§ **Requirement**:
Pull out the lines from the one containing "Fotografía en lienzo" through the final line of the listing below and repeat them exactly. Leave the pictures behind.

§ **Provided data**:
[Start of Attachment]

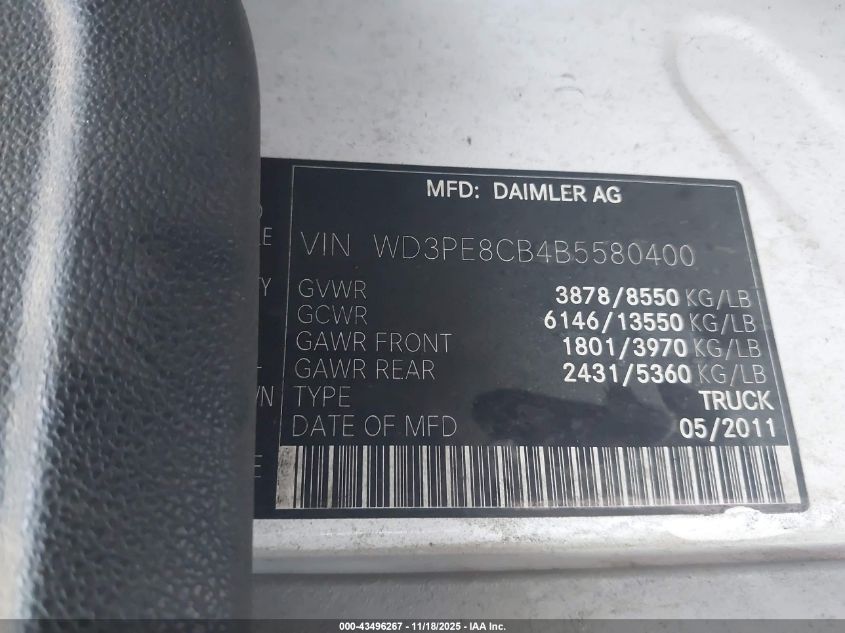2011 Mercedes-Benz Sprinter 2500 High Roof VIN: WD3PE8CB4B5580400 Lot: 43496267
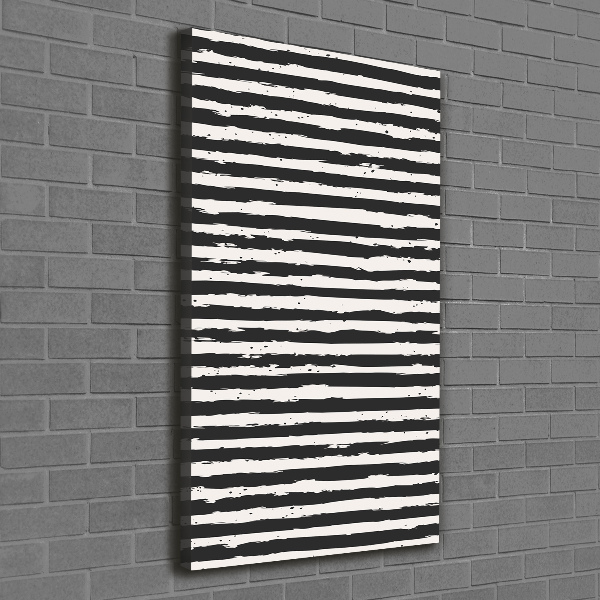Fotografía en lienzo vertical Rayas blancas y negras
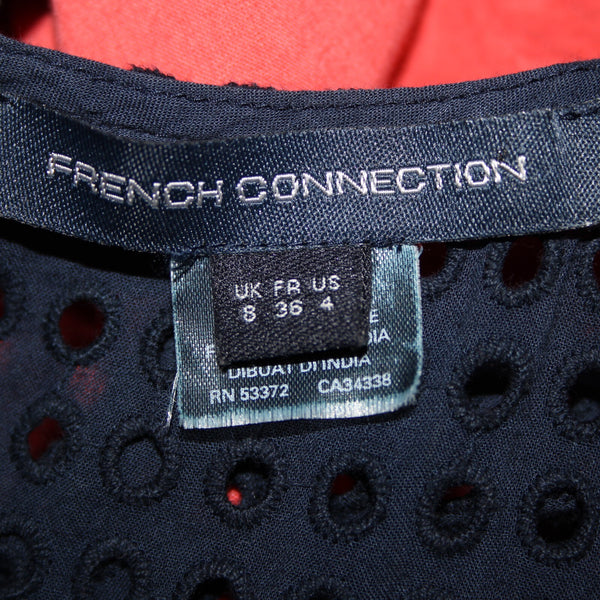 French Connection Sz 4 Navy Blue Pink Lined Embroidered Eyelet 100% Cotton Dress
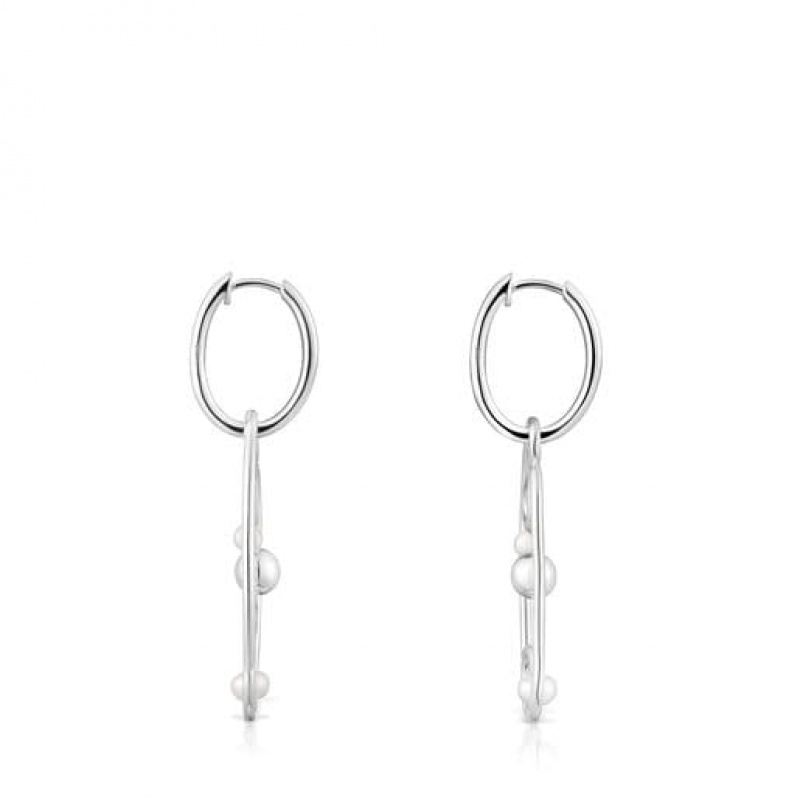 Tous Tsuri Hoop Women's Earrings Silver | RFD465731 | Usa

[End of Attachment]

§ **Result**:
Fotografía en lienzo vertical Rayas blancas y negras
 French Connection Sz 4 Navy Blue Pink Lined Embroidered Eyelet 100% Cotton Dress
 Tous Tsuri Hoop Women's Earrings Silver | RFD465731 | Usa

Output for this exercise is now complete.